Character: Newspaper publisher Assunta Ng Character: Newspaper publisher Assunta Ng Character: Newspaper publisher Assunta Ng

“A lot of immigrants are nervous about writing in English,” says Assunta Ng, ’74, ’76, ’79. “They shouldn’t worry about whether it’s good enough. You have things to say, feelings to express. And memories to share.”

By ASSUNTA NG, AS TOLD TO DEANNA DUFF | Photos by RON WURZER | Dec. 2017 issue

The first time I had my own room was living in a UW dorm.

Growing up in Hong Kong, we were poor and I shared a bunk bed with my grandmother. Americans aren’t aware how privileged they are to have their own room, bed and closet. My room in UW’s Hansee Hall was small, but it was my own.

In fourth grade, our teacher asked…

…us to write about what we wanted to be when we grew up. I knew I’d get a higher grade if I chose an unconventional career. I wrote about becoming a writer or reporter. I don’t know how I even got that idea.

I founded the Chinese Post in 1982…

…and Northwest Asian Weekly a year later. When the Watergate story broke, I remember people in Seattle’s Chinatown lining up to buy copies of San Francisco’s Chinese newspaper. They were trying to understand what was happening. At that time, I was trying to figure out our community’s needs and how to help. I realized we needed our own local paper.

The newspaper’s current office is…

…across the street from the basement where we started. I can’t leave my community. Our online readership is growing with more than 200,000 readers monthly and the print edition has around 10,000. The Chinese Post has published more than 1,862 issues. That’s a lot of deadlines!

Girls didn’t dream.

I was raised in a traditional Chinese family with low expectations toward women. The best thing to do was find a good husband. I was shy at home, very obedient and submissive. It was shocking when I told my parents I wanted to study in America, but I had realized I wanted the freedom to grow.

I didn’t speak for six months.

At that time, it was unusual to study abroad and, of course, my parents said no. After that, I just didn’t talk. I didn’t have anything to say because I felt hopeless. They finally agreed and I came to the U.S. in 1971.

I first saw UW’s campus while driving on I-5.

Wow! It was so beautiful. I was attending college in Oregon, but decided right then that I wanted to attend UW. I didn’t know anybody there or where I was going to stay, but I knew that’s where I wanted to be. I applied for a transfer and started at UW my sophomore year.

My best friend was the library.

Rain or shine, I walked to Suzzallo Library after dinner. It was a great place for me to grow up. In Hong Kong, the library was small and students were only allowed to visit one hour per week. Here, the school and public libraries are so good. We should appreciate them more.
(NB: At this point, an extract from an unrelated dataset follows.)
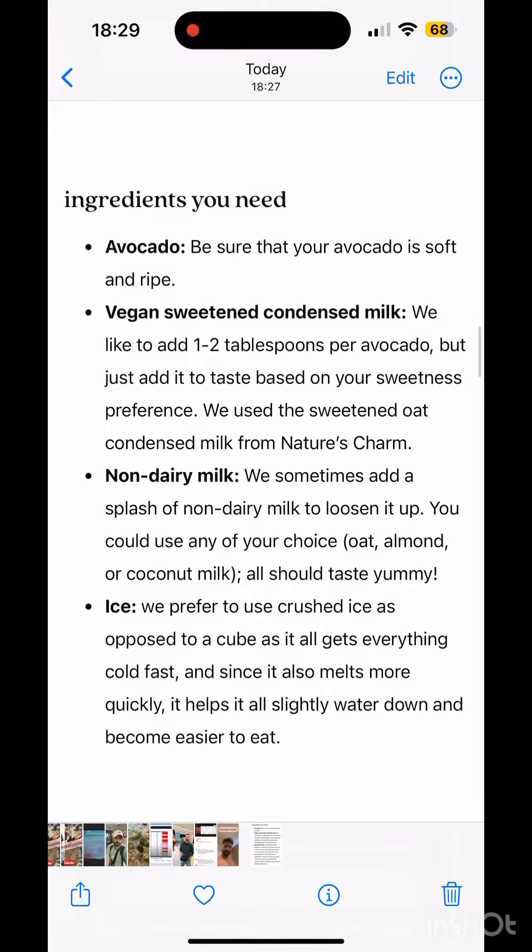Guys, here I am sharing the ingredients in this video. You can note that: avocado, condensed milk, and I have used ice.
I taught Asian immigrant students…

…at Beacon Hill’s Mercer Junior High for four years after college. Language barriers made it difficult for immigrant parents and they were often struggling to make a living and survive. Asian parents didn’t step foot in the school, but I reached out. I translated forms and visited their homes. I hosted a potluck and 50 to 60 immigrant parents came.

It was a crazy night.

We didn’t sleep until 3 a.m. finishing the first issue of the Chinese Post. We had to buy equipment from Taiwan—a Chinese manual typesetting machine, which got lost in transit and arrived late. Then we had to learn how to use it. We managed to print 5,000 copies on time, though! It was me and about seven friends, mostly from the UW.

Starting a newspaper is simple.

You hire people and find an office. It’s the why that matters. For anything in life, it’s the motivation to fulfill your dreams that keeps you going week after week.

I still write because I’m a role model for immigrants.

A lot of immigrants are nervous about writing in English. They shouldn’t worry about whether it’s good enough. You have things to say, feelings to express. And memories to share.